山によってはいくつか登山道があり、時間を短縮できるルートもあるのだが、この山はこのロングコースしか記載されていない。一応、鷹ノ巣登山口のほかに中ノ岐登山口というのが地図には載っているのだが、そこへ至る時間等は示されていなかった。調べてみると銀山平にある宿泊施設を利用した人限定でその登山口まで送迎してくれるらしい(以前皇太子殿下が利用したことのあるルートらしく、プリンスルートとも言われている)。ただ、私道?専用道?のためか、一般的には通行止めになっている。でもここから登れば上り4時間、下り3時間とずいぶん時間短縮ができる。
宿泊せずに行く方法はないかとさらに調べてみると自転車で行ったレポがあった。僕らも過去には塩見岳や光岳など登山口まで自転車で行ったことはある。じゃあ、自転車だな、と思ったが今回はちょっと事情が違う。この林道は距離が非常に長い。レポによると高低差500mほどを2時間近くかけて行ったとのこと。自転車で2時間漕いでいくこと自体は問題はないのだが、路面がすべて舗装されていない、自転車が折り畳みの20インチ小径車であることを考えると躊躇されるものだった。反面、下りは30分程度と魅力あるもので悩ましかった。
当初の予定はそれでも自転車で行くつもりで、中ノ岐に至る林道に近い場所で車中泊を考えていたが、会津駒ケ岳から下山後、雨が降り続き、車中泊も厳しい状態になってきた(自転車は車外に置かないと寝れないし、そもそも雨では食事を作ることができない)。
momoと話し合った結果、車中泊はやめて小屋に宿泊することにした。また、自転車による時短ルートもやめて、本来のロングコースを辿ることにした。

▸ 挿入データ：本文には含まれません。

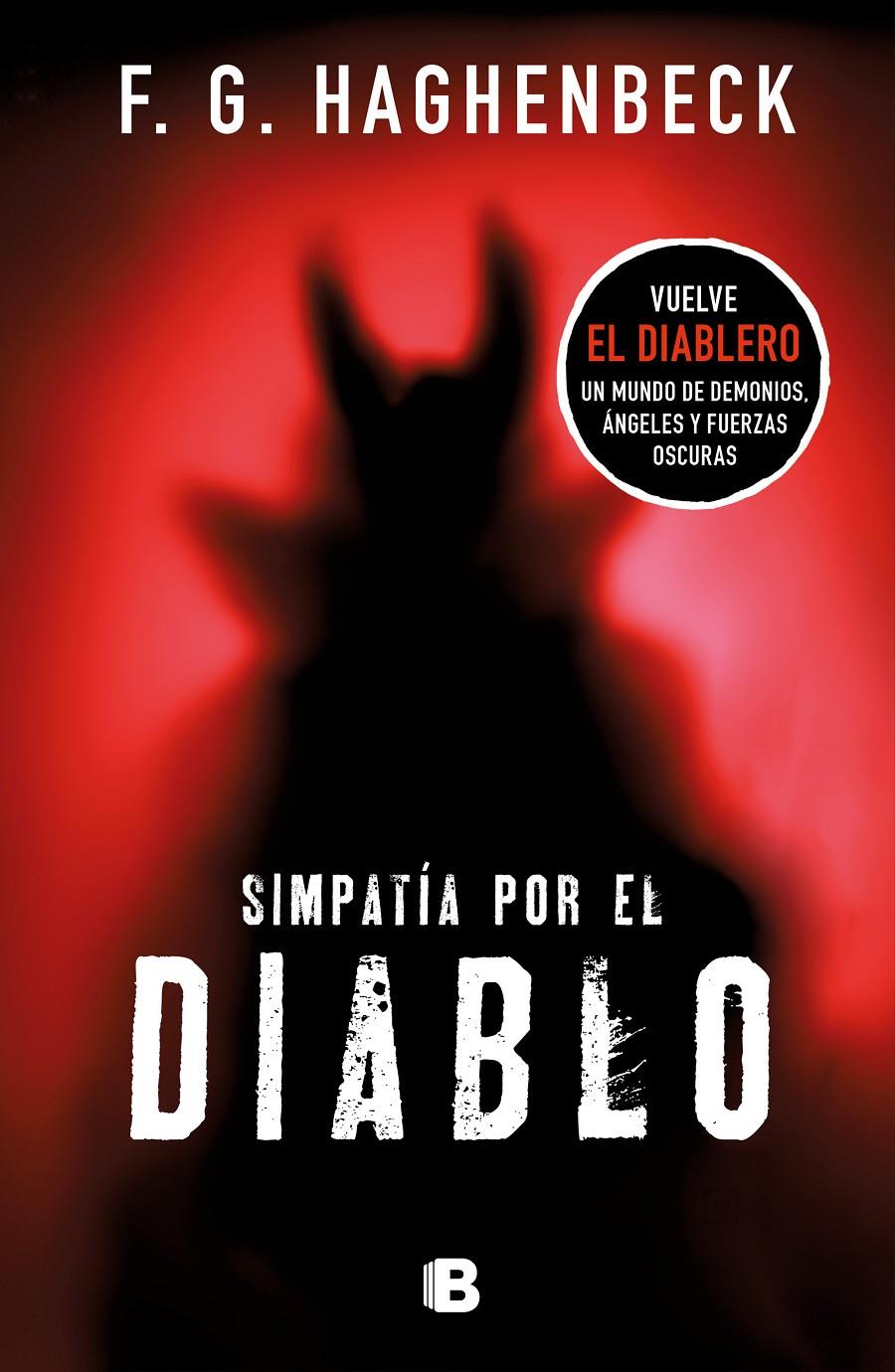 SIMPATIA POR EL DIABLO | 9788466664691 | HAGHENBECK, F.G.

宿泊したのは「清四郎小屋」。素泊りで、自炊エリアもある。山小屋と違うのは部屋が確保されているので睡眠に支障はないことだ。

清四郎小屋

翌朝、雨は止んで天気も回復しそうな様子だった。やはり自転車で、と頭をよぎったが、雨が降る可能性は完全には払拭できなかったのでそのまま鷹ノ巣登山口へ移動した。

さあ、ロングコースの始まりだ
​トイレはここだけ​

登山道は尾根伝いに進んでいくので、所々急坂であったり、トラロープを渡していたりするところがある。また、土がえぐれて滑りやすくもなっている。しかも、木道も設置されていたりするので転倒に注意しないといけない。
天候も雲は多いので遠くは見通せないが、太陽の日差しが体に堪えるようになってきた。

​ひたすら尾根伝いを進む​
​途中木道があるが、滑りやすいので要注意​


最初に台倉清水という水場に出る。ここで給水しようと行ってみると、まずその場所に行くのも大変で藪の中斜面を下りないといけない。着いたはいいが、どこが水場やねん!と叫びたくなる場所だった。水はチョロチョロっと流れているがここで給水は厳しいなあということでパスをした。

​最初の水場だが​
​この先下ったところにあるのは、失望だった​

次の水場である白沢清水という場所に期待を寄せて進むことにした。1時間もかからずに到着したが、さらにここはダメだった。これを水場と呼んでいいのか、きれいな水はどこ?というような場所だった。当然給水できるはずもなく、失望感か漂った。

​白沢清水、期待ができそうな水場だったが​
​ありえん!ただの水溜りだ​

ルートは樹林帯の中を進むもので、湿度も高く、気温も上がってきていたため、発汗量が多くなり必然的に水を摂る量も多くなる。この2か所での給水を考えていただけに、それができないとなると持参の水を飲む量も減らさないといけない。
行動食も口の中の水分があまりないため喉を通りにくく、次第に食べる回数も減ってしまった。
こうした状況が僕自身の調子を狂わせ始め、次第にバテてきた。発汗量の多さと呼吸が激しくなっている。いつも登りでは僕が先行するのだが、こんな調子のため代わりにmomoが先を行くようになったが、ついていくのも一苦労だった。momoは特に調子を崩すことなくマイペースで進んでいたのが不思議だった。

​徐々にmomoに後れを取り出す​

それでも頂上まで40分のところにある姫ノ池まで何とか到着。そこで一旦休憩をとったが、手足にしびれがあり、しばらく動けなかった。そこで、補給食をとり、水分も取ってさあ、最後のひとふんばり、と立ち上がったところ吐き気に襲われた。
脱水症状なのか、熱中症なのか、いずれにしても普通ではない。このままではマズいと思い、さらに水分をとって休むと次第に体の不調も収まってきた(水の残量が気になるがやむを得ない)。

​姫ノ池に到着、しばらく動けず​
​平ヶ岳山頂もきれいに見える​

最後の水場がこの近くにある。ここに最後の望みを託し山頂は後回しにして水場へ進むことにした。途中すれ違った人に聞いてみると、水の流れはあるとのこと。よかった、助かった。ホッとした気分となり、とにかく水場を目指した。とはいえ、その水の流れは細い。ただ、これまでの2か所とは全く異なり、補給は十分できる。まずは、手で何回か水をすくって飲んでみた。ようやく辿り着いた水場だけにとても美味く、生き返った感じがした。ここでしっかりと給水すると、先ほどの体調不良は吹っ飛んだかのようにいつもの調子が戻った。脱水症状だったのかなあ。水は本当に大切だと痛感した。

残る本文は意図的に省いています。